Model endpoint (model.url) is reachable from inside the cluster — no public internet required.
EvalHub job images (adapter, init container, sidecar) are pullable from your internal registry.
MinIO is reachable from the job namespace.
No HuggingFace access at runtime — once offline mode is active, all datasets and the tokenizer must be pre-staged in MinIO. No downloads occur during evaluation.

How It Works

lm_eval normally downloads datasets from HuggingFace at evaluation time. On a disconnected cluster this is not possible, so datasets and the tokenizer must be pre-downloaded on a connected machine and uploaded to MinIO before submitting jobs.

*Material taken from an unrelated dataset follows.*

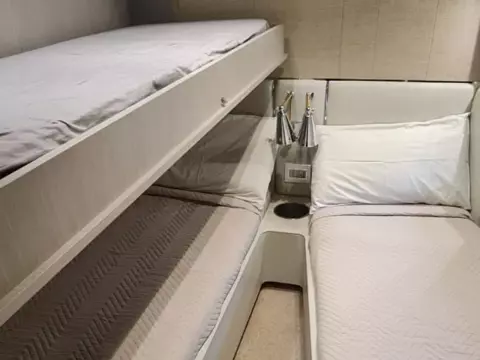 25 - Twin Cabin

The init container in the evaluation pod syncs the MinIO prefix to /test_data. Offline mode is auto-detected: parameters.tokenizer must be set to a path under /test_data (e.g. /test_data/tokenizer), and /test_data must exist after the init container completes. Dataset bundles are looked up at the same level — each benchmark’s dataset is expected as a sibling directory containing a dataset_dict.json file (e.g., /test_data/allenai--ai2_arc--ARC-Easy/dataset_dict.json alongside /test_data/tokenizer/). When this layout is detected, all HuggingFace downloads are disabled automatically.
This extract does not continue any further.